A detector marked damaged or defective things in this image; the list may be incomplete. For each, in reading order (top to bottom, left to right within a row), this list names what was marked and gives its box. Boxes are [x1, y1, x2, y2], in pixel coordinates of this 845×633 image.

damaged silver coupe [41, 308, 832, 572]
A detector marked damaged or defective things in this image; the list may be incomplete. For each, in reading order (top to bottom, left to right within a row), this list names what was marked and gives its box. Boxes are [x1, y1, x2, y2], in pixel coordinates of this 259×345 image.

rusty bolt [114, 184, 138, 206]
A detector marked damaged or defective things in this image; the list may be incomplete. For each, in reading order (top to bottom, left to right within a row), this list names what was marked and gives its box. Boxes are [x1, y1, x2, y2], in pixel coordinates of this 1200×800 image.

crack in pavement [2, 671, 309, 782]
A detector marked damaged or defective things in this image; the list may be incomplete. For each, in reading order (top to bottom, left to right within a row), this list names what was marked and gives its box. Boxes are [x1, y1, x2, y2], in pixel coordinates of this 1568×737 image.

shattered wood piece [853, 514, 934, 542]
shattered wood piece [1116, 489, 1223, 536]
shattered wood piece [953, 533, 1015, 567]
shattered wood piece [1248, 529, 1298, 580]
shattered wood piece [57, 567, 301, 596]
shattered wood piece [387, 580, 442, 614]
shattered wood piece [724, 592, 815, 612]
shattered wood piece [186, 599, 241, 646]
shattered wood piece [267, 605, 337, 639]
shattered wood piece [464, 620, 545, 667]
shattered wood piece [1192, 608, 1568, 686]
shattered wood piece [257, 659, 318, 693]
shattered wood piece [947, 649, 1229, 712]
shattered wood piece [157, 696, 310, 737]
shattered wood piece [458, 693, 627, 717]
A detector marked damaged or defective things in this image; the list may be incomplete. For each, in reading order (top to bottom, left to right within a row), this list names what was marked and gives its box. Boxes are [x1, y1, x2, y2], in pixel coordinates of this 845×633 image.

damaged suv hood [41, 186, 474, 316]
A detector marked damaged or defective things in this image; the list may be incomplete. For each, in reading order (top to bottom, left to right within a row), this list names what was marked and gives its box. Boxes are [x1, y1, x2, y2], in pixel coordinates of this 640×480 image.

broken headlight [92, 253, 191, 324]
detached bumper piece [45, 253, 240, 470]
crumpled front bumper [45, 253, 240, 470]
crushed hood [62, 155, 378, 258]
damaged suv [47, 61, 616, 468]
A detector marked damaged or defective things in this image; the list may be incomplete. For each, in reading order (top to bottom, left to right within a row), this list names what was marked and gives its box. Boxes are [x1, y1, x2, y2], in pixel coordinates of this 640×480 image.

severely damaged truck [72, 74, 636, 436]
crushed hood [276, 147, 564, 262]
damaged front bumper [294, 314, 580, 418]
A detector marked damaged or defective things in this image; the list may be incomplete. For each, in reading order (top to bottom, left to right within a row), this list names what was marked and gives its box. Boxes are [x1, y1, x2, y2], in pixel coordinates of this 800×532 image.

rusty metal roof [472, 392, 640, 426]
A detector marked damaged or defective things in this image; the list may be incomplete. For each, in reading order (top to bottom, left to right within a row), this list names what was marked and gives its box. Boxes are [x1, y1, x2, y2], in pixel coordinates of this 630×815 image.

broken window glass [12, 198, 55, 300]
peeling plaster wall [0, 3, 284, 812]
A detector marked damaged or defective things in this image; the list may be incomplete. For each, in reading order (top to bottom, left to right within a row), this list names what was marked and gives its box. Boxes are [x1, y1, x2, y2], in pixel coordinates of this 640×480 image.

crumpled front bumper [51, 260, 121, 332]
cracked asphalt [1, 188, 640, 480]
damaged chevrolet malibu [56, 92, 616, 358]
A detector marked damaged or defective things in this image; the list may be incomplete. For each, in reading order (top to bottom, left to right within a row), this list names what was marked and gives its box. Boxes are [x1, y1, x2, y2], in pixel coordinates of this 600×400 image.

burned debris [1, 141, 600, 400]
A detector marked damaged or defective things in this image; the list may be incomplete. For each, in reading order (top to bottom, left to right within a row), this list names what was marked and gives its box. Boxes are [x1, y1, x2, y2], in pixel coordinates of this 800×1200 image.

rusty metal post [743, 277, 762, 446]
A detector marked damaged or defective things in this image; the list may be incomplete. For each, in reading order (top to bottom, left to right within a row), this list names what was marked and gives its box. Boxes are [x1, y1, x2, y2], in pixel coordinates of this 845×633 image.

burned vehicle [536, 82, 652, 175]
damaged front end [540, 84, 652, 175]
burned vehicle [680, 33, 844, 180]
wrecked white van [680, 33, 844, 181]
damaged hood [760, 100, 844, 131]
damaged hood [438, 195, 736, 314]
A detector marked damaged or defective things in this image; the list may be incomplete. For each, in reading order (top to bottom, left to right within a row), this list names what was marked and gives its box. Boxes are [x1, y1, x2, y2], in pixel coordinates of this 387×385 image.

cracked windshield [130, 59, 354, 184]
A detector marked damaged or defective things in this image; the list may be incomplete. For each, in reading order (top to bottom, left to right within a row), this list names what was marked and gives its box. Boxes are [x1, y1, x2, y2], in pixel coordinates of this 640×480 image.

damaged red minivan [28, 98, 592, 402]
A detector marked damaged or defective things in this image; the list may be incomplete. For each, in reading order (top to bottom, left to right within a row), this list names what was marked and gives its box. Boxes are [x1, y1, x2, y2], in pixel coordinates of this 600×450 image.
——————————
→ **Work required**
Copy out all of the data exactly, leaving nothing out.

→ **Final answer**
A detector marked damaged or defective things in this image; the list may be incomplete. For each, in reading order (top to bottom, left to right within a row), this list names what was marked and gives its box. Boxes are [x1, y1, x2, y2], in pixel coordinates of this 845×633 image.

damaged silver coupe [41, 308, 832, 572]
A detector marked damaged or defective things in this image; the list may be incomplete. For each, in reading order (top to bottom, left to right within a row), this list names what was marked and gives its box. Boxes are [x1, y1, x2, y2], in pixel coordinates of this 259×345 image.

rusty bolt [114, 184, 138, 206]
A detector marked damaged or defective things in this image; the list may be incomplete. For each, in reading order (top to bottom, left to right within a row), this list names what was marked and gives its box. Boxes are [x1, y1, x2, y2], in pixel coordinates of this 1200×800 image.

crack in pavement [2, 671, 309, 782]
A detector marked damaged or defective things in this image; the list may be incomplete. For each, in reading order (top to bottom, left to right within a row), this list names what was marked and gives its box. Boxes are [x1, y1, x2, y2], in pixel coordinates of this 1568×737 image.

shattered wood piece [853, 514, 934, 542]
shattered wood piece [1116, 489, 1223, 536]
shattered wood piece [953, 533, 1015, 567]
shattered wood piece [1248, 529, 1298, 580]
shattered wood piece [57, 567, 301, 596]
shattered wood piece [387, 580, 442, 614]
shattered wood piece [724, 592, 815, 612]
shattered wood piece [186, 599, 241, 646]
shattered wood piece [267, 605, 337, 639]
shattered wood piece [464, 620, 545, 667]
shattered wood piece [1192, 608, 1568, 686]
shattered wood piece [257, 659, 318, 693]
shattered wood piece [947, 649, 1229, 712]
shattered wood piece [157, 696, 310, 737]
shattered wood piece [458, 693, 627, 717]
A detector marked damaged or defective things in this image; the list may be incomplete. For each, in reading order (top to bottom, left to right within a row), this list names what was marked and gives its box. Boxes are [x1, y1, x2, y2], in pixel coordinates of this 845×633 image.

damaged suv hood [41, 186, 474, 316]
A detector marked damaged or defective things in this image; the list may be incomplete. For each, in reading order (top to bottom, left to right within a row), this list names what was marked and gives its box. Boxes are [x1, y1, x2, y2], in pixel coordinates of this 640×480 image.

broken headlight [92, 253, 191, 324]
detached bumper piece [45, 253, 240, 470]
crumpled front bumper [45, 253, 240, 470]
crushed hood [62, 155, 378, 258]
damaged suv [47, 61, 616, 468]
A detector marked damaged or defective things in this image; the list may be incomplete. For each, in reading order (top to bottom, left to right within a row), this list names what was marked and gives its box. Boxes are [x1, y1, x2, y2], in pixel coordinates of this 640×480 image.

severely damaged truck [72, 74, 636, 436]
crushed hood [276, 147, 564, 262]
damaged front bumper [294, 314, 580, 418]
A detector marked damaged or defective things in this image; the list may be incomplete. For each, in reading order (top to bottom, left to right within a row), this list names what was marked and gives its box. Boxes are [x1, y1, x2, y2], in pixel coordinates of this 800×532 image.

rusty metal roof [472, 392, 640, 426]
A detector marked damaged or defective things in this image; the list may be incomplete. For each, in reading order (top to bottom, left to right within a row), this list names what was marked and gives its box. Boxes are [x1, y1, x2, y2], in pixel coordinates of this 630×815 image.

broken window glass [12, 198, 55, 300]
peeling plaster wall [0, 3, 284, 812]
A detector marked damaged or defective things in this image; the list may be incomplete. For each, in reading order (top to bottom, left to right within a row), this list names what was marked and gives its box. Boxes are [x1, y1, x2, y2], in pixel coordinates of this 640×480 image.

crumpled front bumper [51, 260, 121, 332]
cracked asphalt [1, 188, 640, 480]
damaged chevrolet malibu [56, 92, 616, 358]
A detector marked damaged or defective things in this image; the list may be incomplete. For each, in reading order (top to bottom, left to right within a row), this list names what was marked and gives its box. Boxes are [x1, y1, x2, y2], in pixel coordinates of this 600×400 image.

burned debris [1, 141, 600, 400]
A detector marked damaged or defective things in this image; the list may be incomplete. For each, in reading order (top to bottom, left to right within a row), this list names what was marked and gives its box. Boxes are [x1, y1, x2, y2], in pixel coordinates of this 800×1200 image.

rusty metal post [743, 277, 762, 446]
A detector marked damaged or defective things in this image; the list may be incomplete. For each, in reading order (top to bottom, left to right within a row), this list names what was marked and gives its box. Boxes are [x1, y1, x2, y2], in pixel coordinates of this 845×633 image.

burned vehicle [536, 82, 652, 175]
damaged front end [540, 84, 652, 175]
burned vehicle [680, 33, 844, 180]
wrecked white van [680, 33, 844, 181]
damaged hood [760, 100, 844, 131]
damaged hood [438, 195, 736, 314]
A detector marked damaged or defective things in this image; the list may be incomplete. For each, in reading order (top to bottom, left to right within a row), this list names what was marked and gives its box. Boxes are [x1, y1, x2, y2], in pixel coordinates of this 387×385 image.

cracked windshield [130, 59, 354, 184]
A detector marked damaged or defective things in this image; the list may be incomplete. For each, in reading order (top to bottom, left to right within a row), this list names what was marked and gives its box. Boxes are [x1, y1, x2, y2], in pixel coordinates of this 640×480 image.

damaged red minivan [28, 98, 592, 402]
A detector marked damaged or defective things in this image; the list may be incomplete. For each, in reading order (top to bottom, left to right within a row), this list names what was marked and gives its box. Boxes are [x1, y1, x2, y2], in pixel coordinates of this 600×450 image.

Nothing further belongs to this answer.